Leave the pictures aside and copy all the data exactly.

• [DATASET CONTENT]:

◆ ◆ ◆ ◆

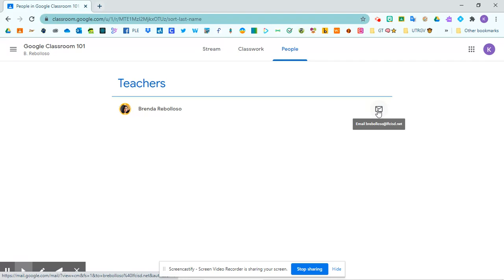Just know that this email will go to your teacher's private email. And if she responds, you will not receive it in Google Classroom. You would have to check your email through Clever. And there will be a separate video on how you can log into your student email from Clever.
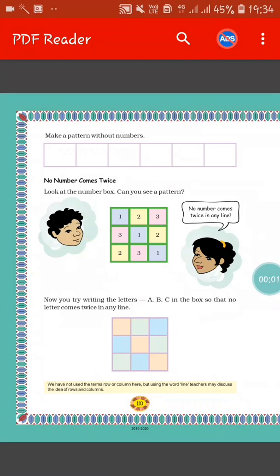Okay students, I hope you all have understood today's work. You should practice up to the previous page at home. And if you find any problem, you can comment on the school website. From this page, we will do in the next video. Stay fit, stay good. Thank you.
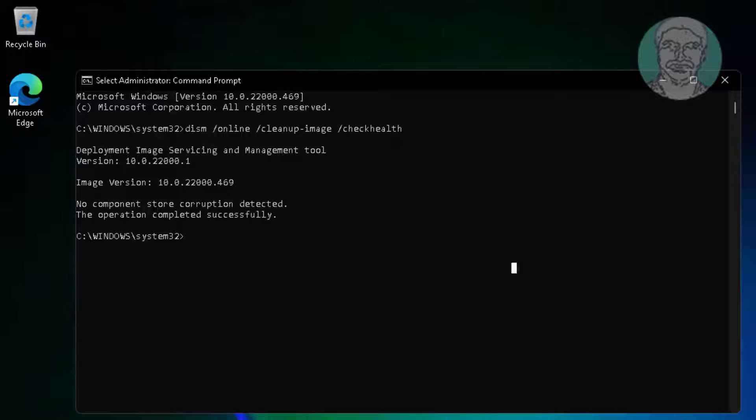Next, type: DISM /online /cleanup-image /scanhealth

◆ ◆ ◆ ◆

• [RESULT BELOW]:
Just know that this email will go to your teacher's private email. And if she responds, you will not receive it in Google Classroom. You would have to check your email through Clever. And there will be a separate video on how you can log into your student email from Clever.
Okay students, I hope you all have understood today's work. You should practice up to the previous page at home. And if you find any problem, you can comment on the school website. From this page, we will do in the next video. Stay fit, stay good. Thank you.
Next, type: DISM /online /cleanup-image /scanhealth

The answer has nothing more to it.